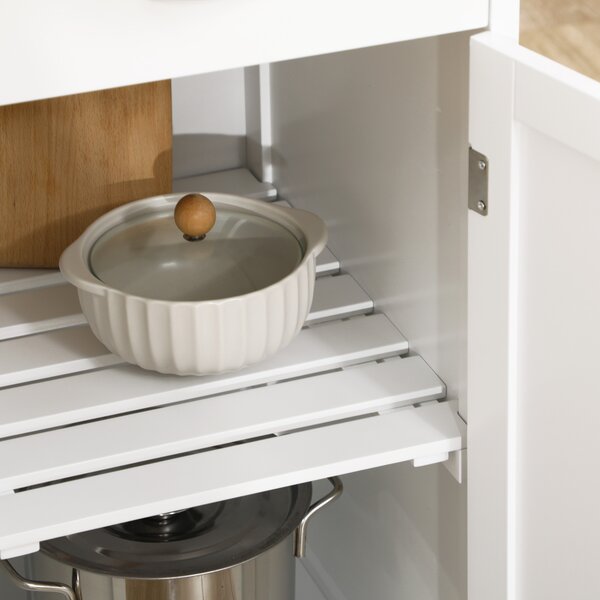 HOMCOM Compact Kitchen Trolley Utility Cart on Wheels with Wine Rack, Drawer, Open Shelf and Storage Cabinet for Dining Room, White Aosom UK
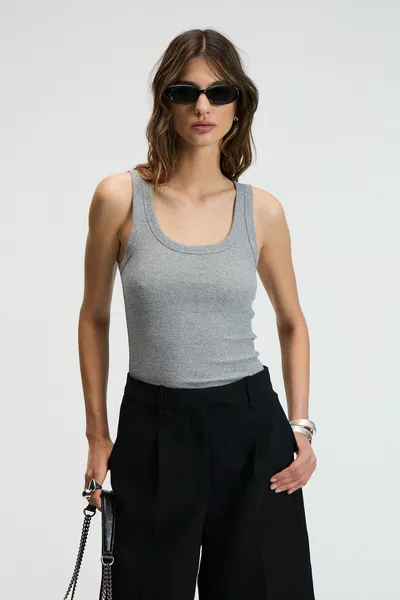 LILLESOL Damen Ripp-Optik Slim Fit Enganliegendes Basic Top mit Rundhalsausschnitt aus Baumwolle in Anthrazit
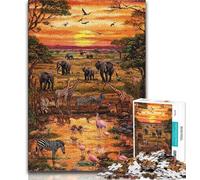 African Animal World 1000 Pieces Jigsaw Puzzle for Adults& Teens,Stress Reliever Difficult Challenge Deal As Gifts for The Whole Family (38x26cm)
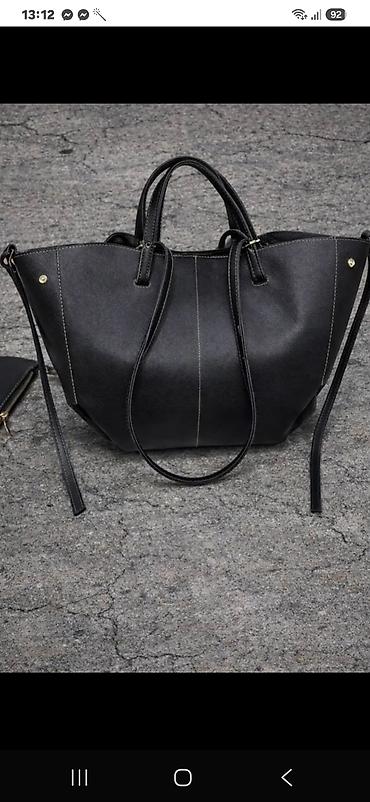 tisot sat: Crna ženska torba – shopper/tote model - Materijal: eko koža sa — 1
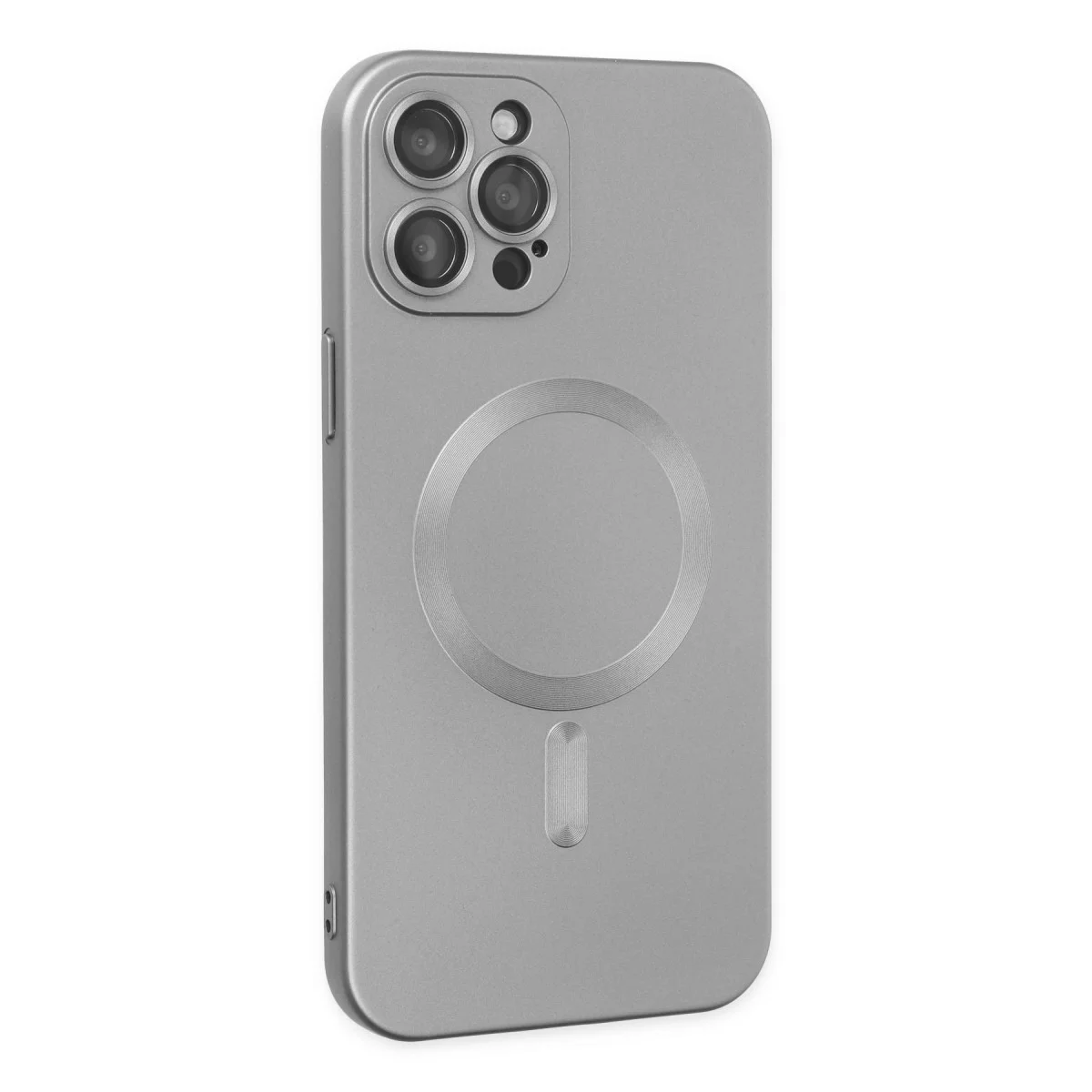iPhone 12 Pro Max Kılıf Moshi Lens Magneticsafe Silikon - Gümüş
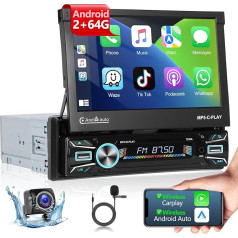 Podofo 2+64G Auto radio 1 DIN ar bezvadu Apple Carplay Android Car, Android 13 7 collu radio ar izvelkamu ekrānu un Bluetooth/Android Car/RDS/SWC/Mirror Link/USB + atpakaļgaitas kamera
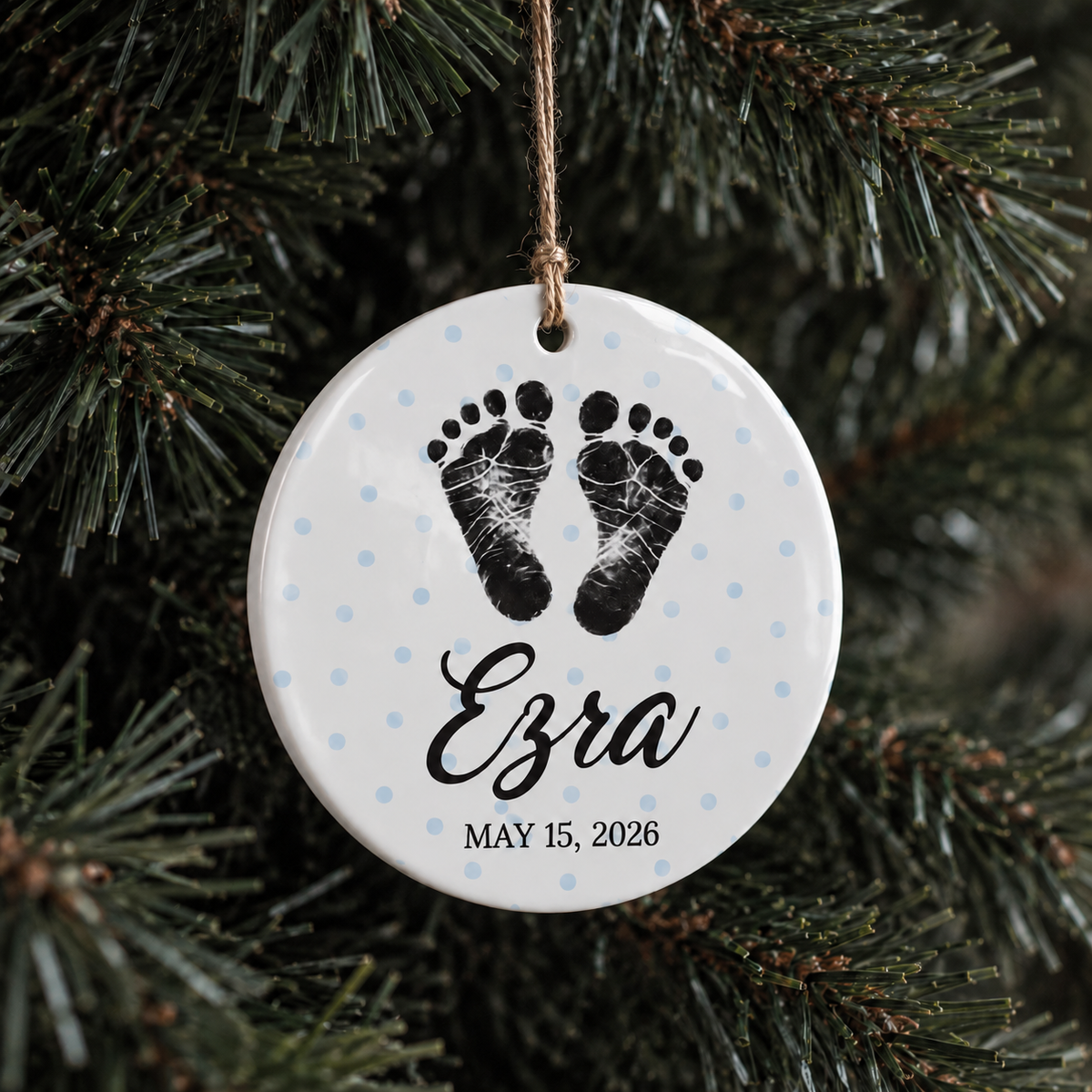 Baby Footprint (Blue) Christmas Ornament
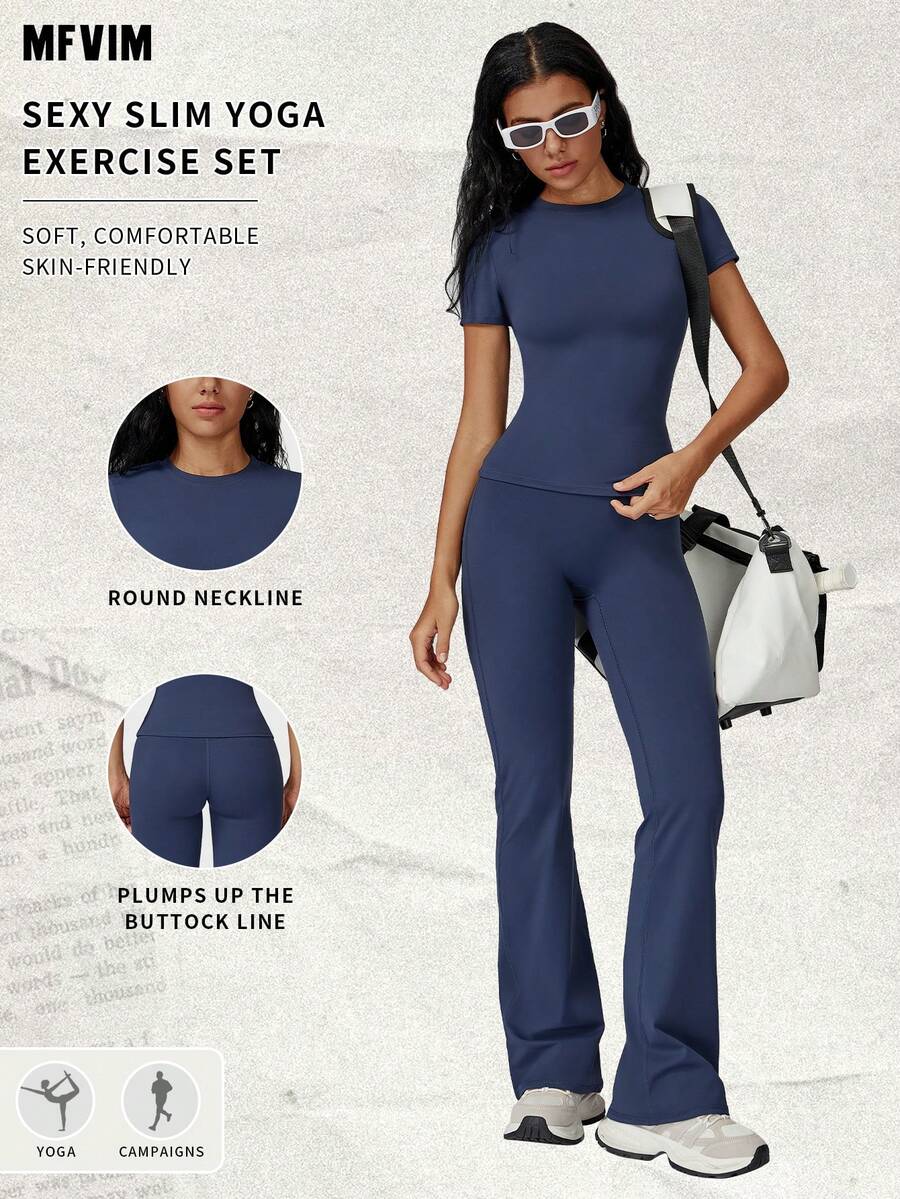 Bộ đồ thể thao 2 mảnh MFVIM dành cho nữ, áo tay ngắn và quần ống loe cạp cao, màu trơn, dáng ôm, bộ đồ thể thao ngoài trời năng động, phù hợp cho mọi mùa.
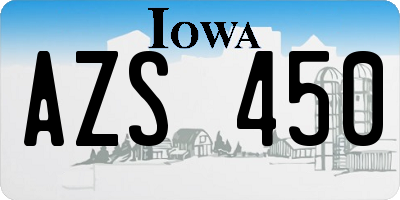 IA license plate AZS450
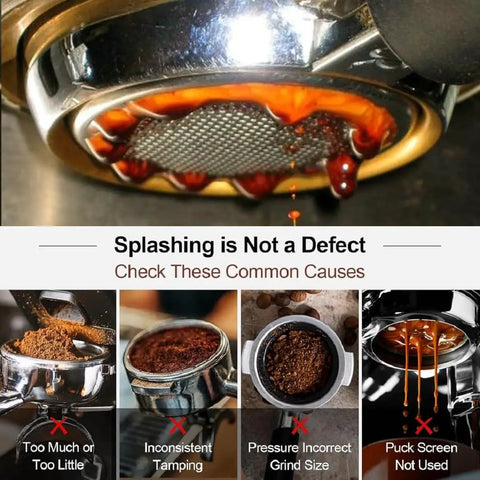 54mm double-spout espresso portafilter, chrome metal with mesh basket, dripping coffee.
..............................
Aim of the exercise -
Beginning with the line that contains "Baby Footprint (Blue) Christmas Ornament" and ending with the last line of the data above, output those lines exactly and nothing more, without any pictures.

Problem solution -
 Baby Footprint (Blue) Christmas Ornament
 Bộ đồ thể thao 2 mảnh MFVIM dành cho nữ, áo tay ngắn và quần ống loe cạp cao, màu trơn, dáng ôm, bộ đồ thể thao ngoài trời năng động, phù hợp cho mọi mùa.
 IA license plate AZS450
 54mm double-spout espresso portafilter, chrome metal with mesh basket, dripping coffee.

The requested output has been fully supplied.